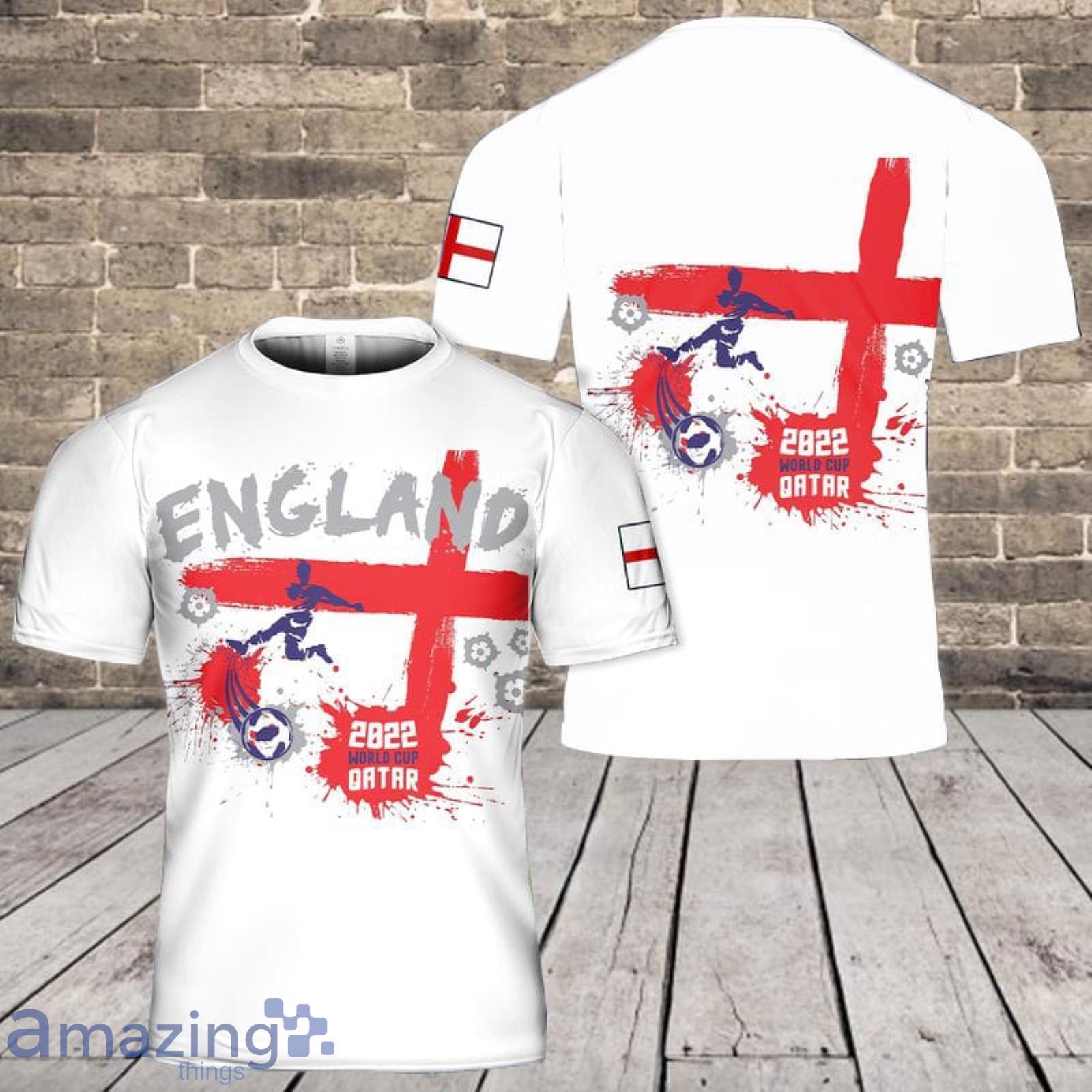 Personalized Name England Football World Cup 2022 3D T-Shirt Product Photo 1
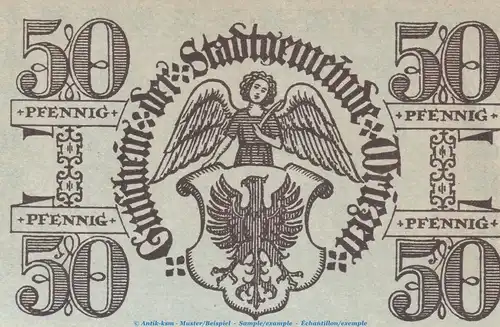 Notgeld Stadt Wriezen , 50 Pfennig Schein in kfr. Tieste 8115.05.11 von 1919 , Brandenburg Verkehrsausgabe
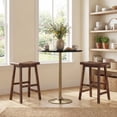 thumbnail image 2 of ELLEGNT 2 PCS Solid Wood Saddle Bar Stools – Backless with Footrests, Wooden Counter Stools Brown, 2 of 8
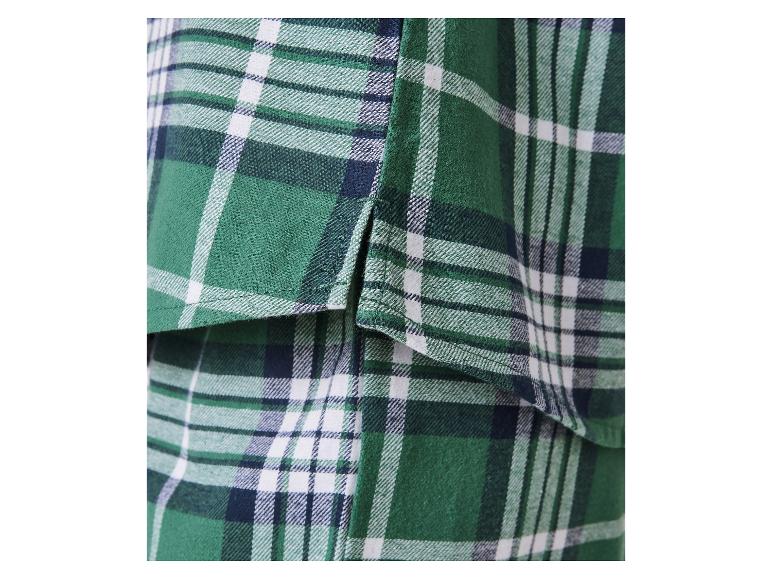 Grün-weiß kariertes Hemd mit Seitenschlitz.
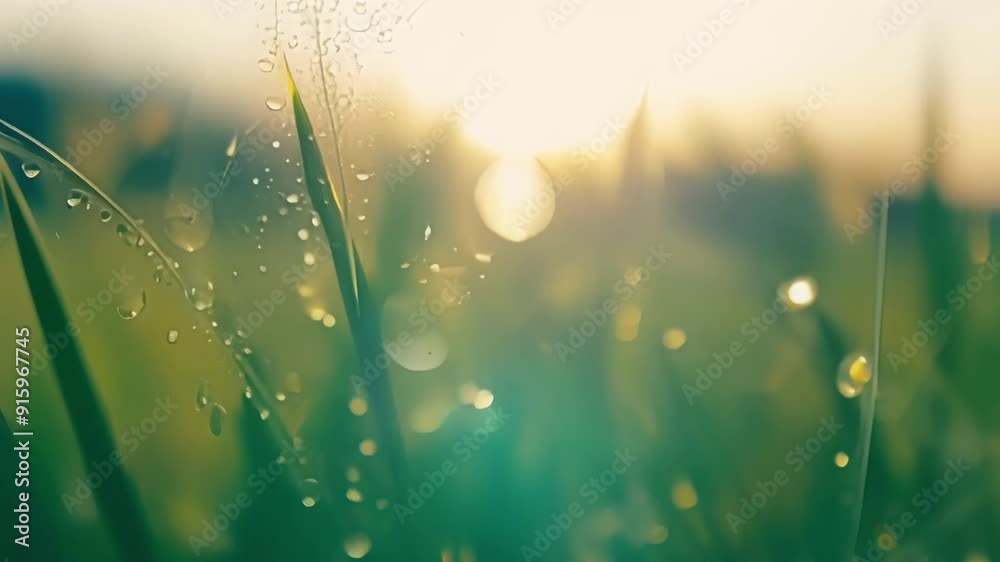 Poster A patch of grass covered in sparkling dew drops disappearing one by one as the suns warmth dries them up.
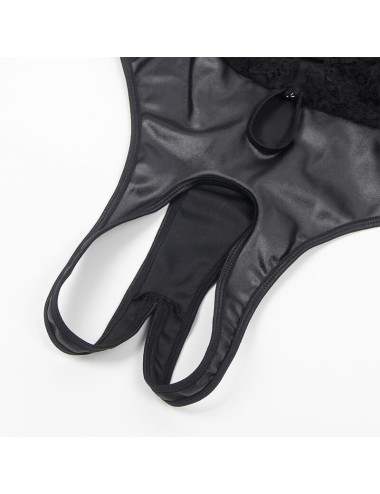 SUBBLIME - 954383 BODY SEXY COM CINTA-LIGA PRETO S/M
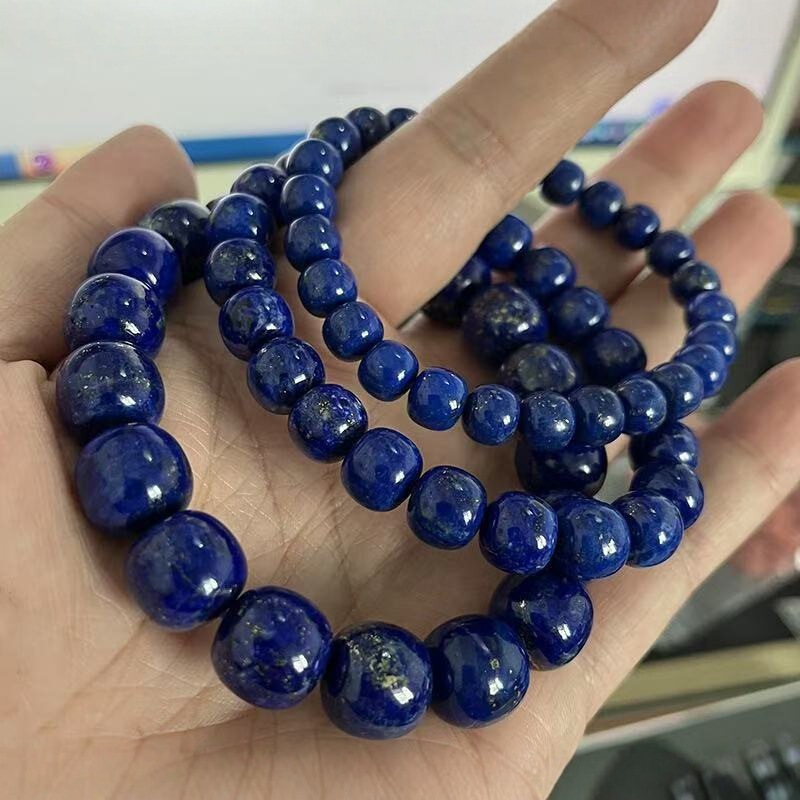 Natural Raw Lapis Lazuli Loose Beads Imperial Bracelet for Men and Women Outdoor Yoga Bracelet Agate Jade Buddha Beads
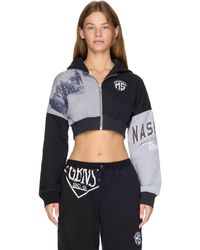 Marine Serre - Upcycled Graphic Sweatshirts Cropped Zipped Hoodie Top - Lyst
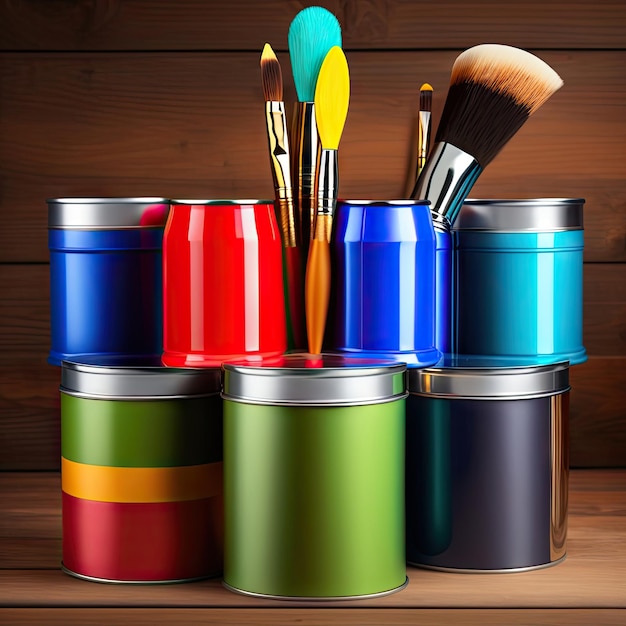 Brushes for painting and empty paint cans on wooden background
- - - -
**About this task**
Whatever the records hold apart from pictures should be repeated exactly.

**Written answer**
 Personalized Name England Football World Cup 2022 3D T-Shirt Product Photo 1
 Notgeld Stadt Wriezen , 50 Pfennig Schein in kfr. Tieste 8115.05.11 von 1919 , Brandenburg Verkehrsausgabe
 thumbnail image 2 of ELLEGNT 2 PCS Solid Wood Saddle Bar Stools – Backless with Footrests, Wooden Counter Stools Brown, 2 of 8
 Grün-weiß kariertes Hemd mit Seitenschlitz.
 Poster A patch of grass covered in sparkling dew drops disappearing one by one as the suns warmth dries them up.
 SUBBLIME - 954383 BODY SEXY COM CINTA-LIGA PRETO S/M
 Natural Raw Lapis Lazuli Loose Beads Imperial Bracelet for Men and Women Outdoor Yoga Bracelet Agate Jade Buddha Beads
 Marine Serre - Upcycled Graphic Sweatshirts Cropped Zipped Hoodie Top - Lyst
 Brushes for painting and empty paint cans on wooden background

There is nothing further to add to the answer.